#### About this exercise
Give back each entry exactly as written, apart from the pictures.

(Beginning of Input data)

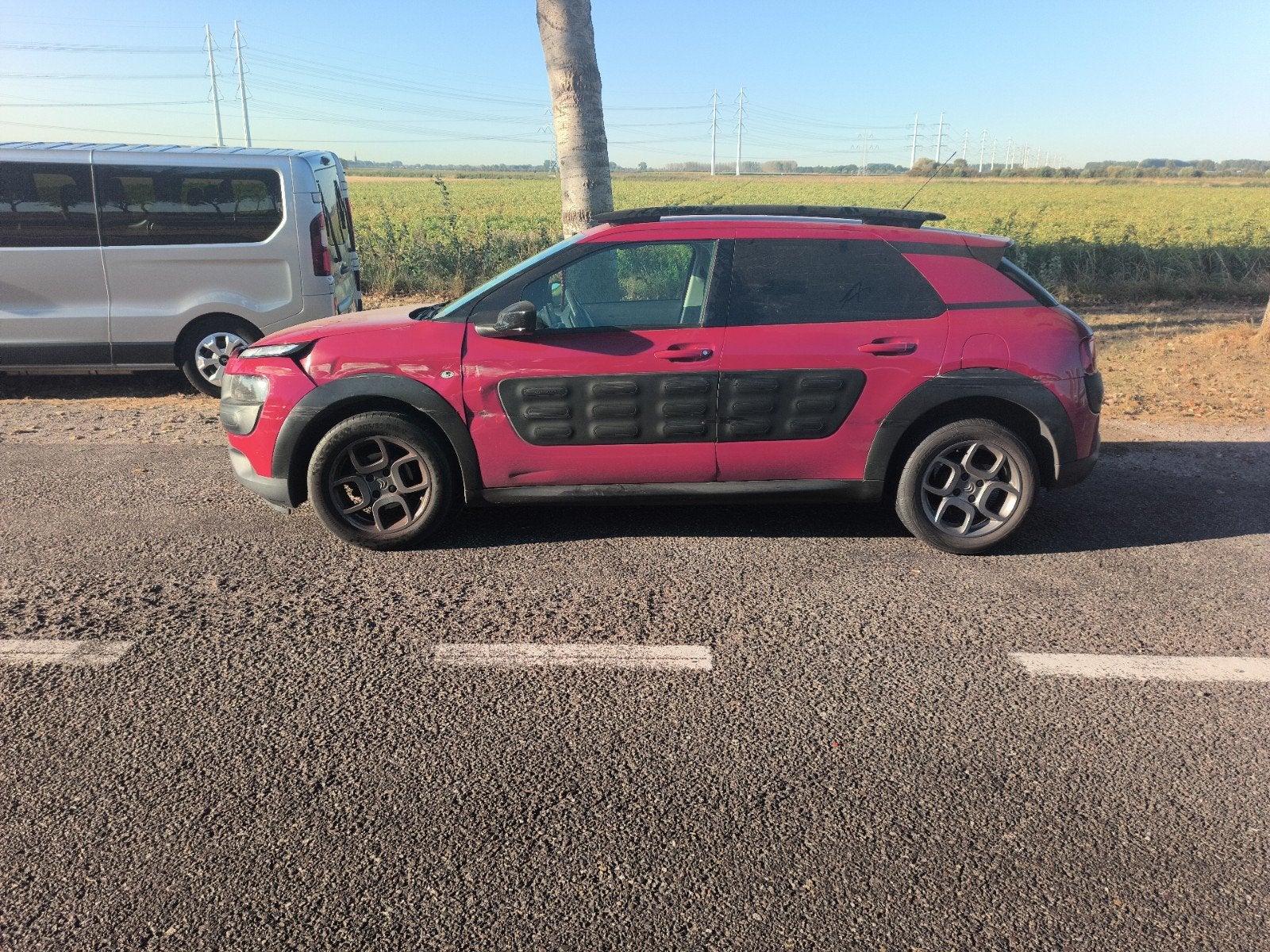 Citroën C4 Cactus 1.2 E-thp 110 2017 Rood, Auto's, Voorwielaandrijving, 40 €/maand, 1199 cc, 995 kg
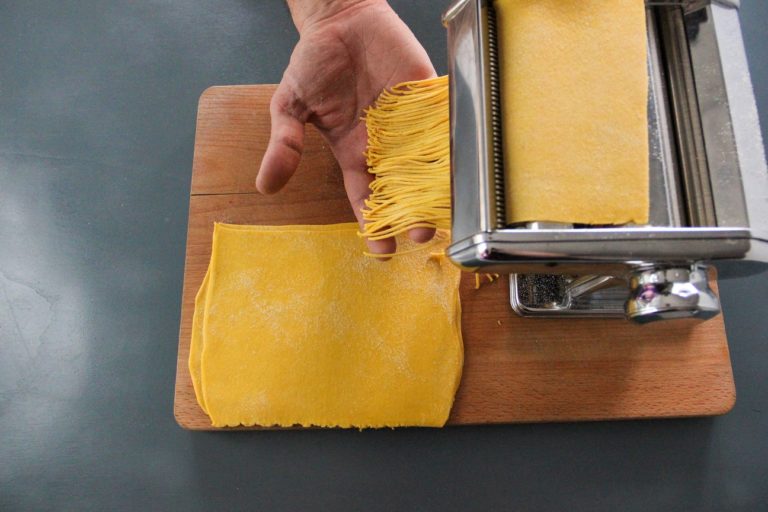 Tagliolini di pasta fresca, cozze, zafferano ed erba cipollina - Step 3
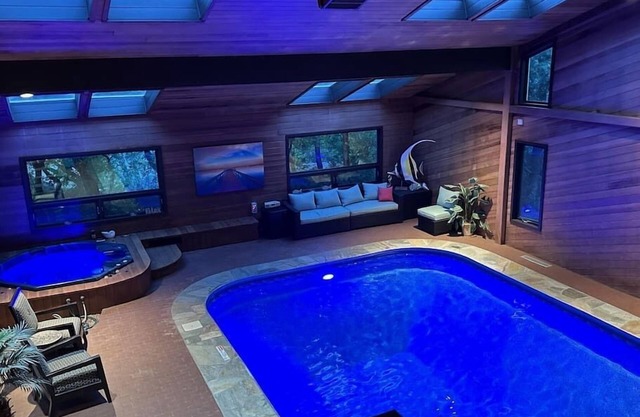 Indoor pool, hot tub, sauna!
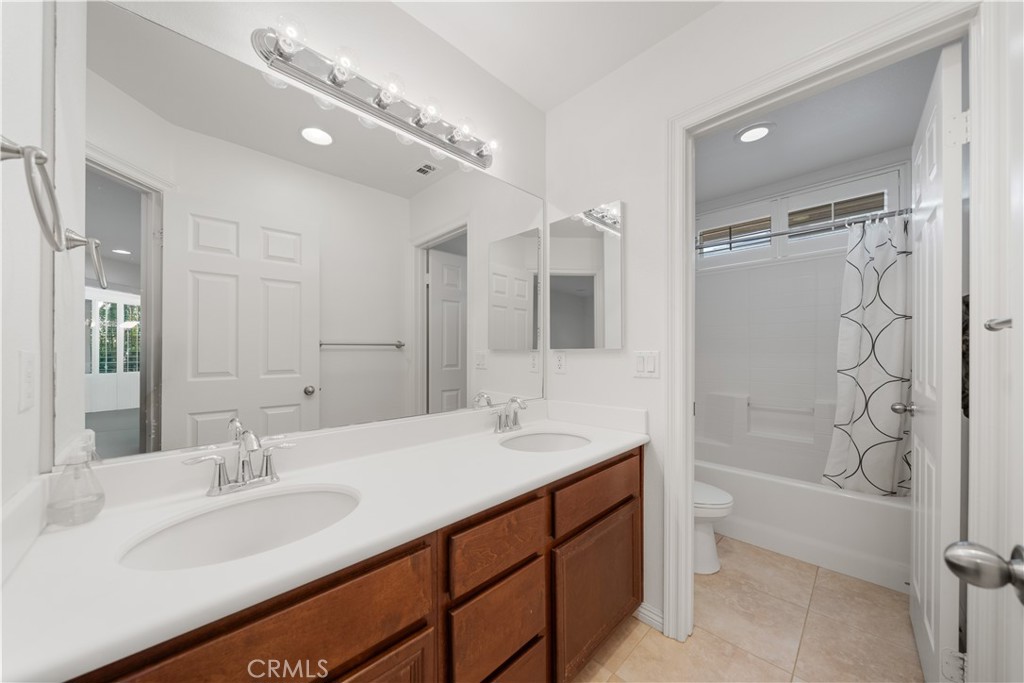 829 Lincoln Glen Drive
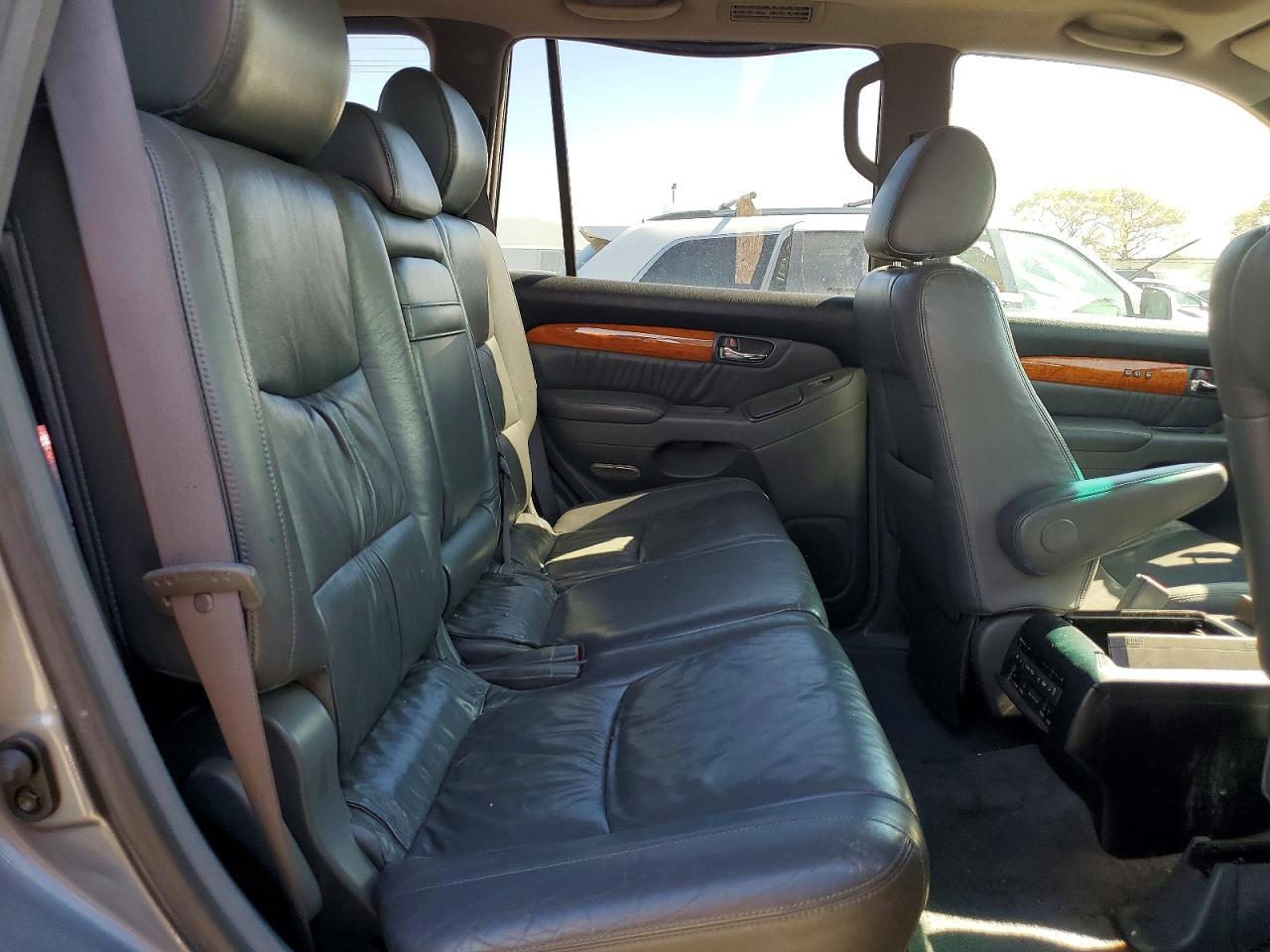 2004 LEXUS Gx 470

(End of Input data)

#### Result of this exercise
 Citroën C4 Cactus 1.2 E-thp 110 2017 Rood, Auto's, Voorwielaandrijving, 40 €/maand, 1199 cc, 995 kg
 Tagliolini di pasta fresca, cozze, zafferano ed erba cipollina - Step 3
 Indoor pool, hot tub, sauna!
 829 Lincoln Glen Drive
 2004 LEXUS Gx 470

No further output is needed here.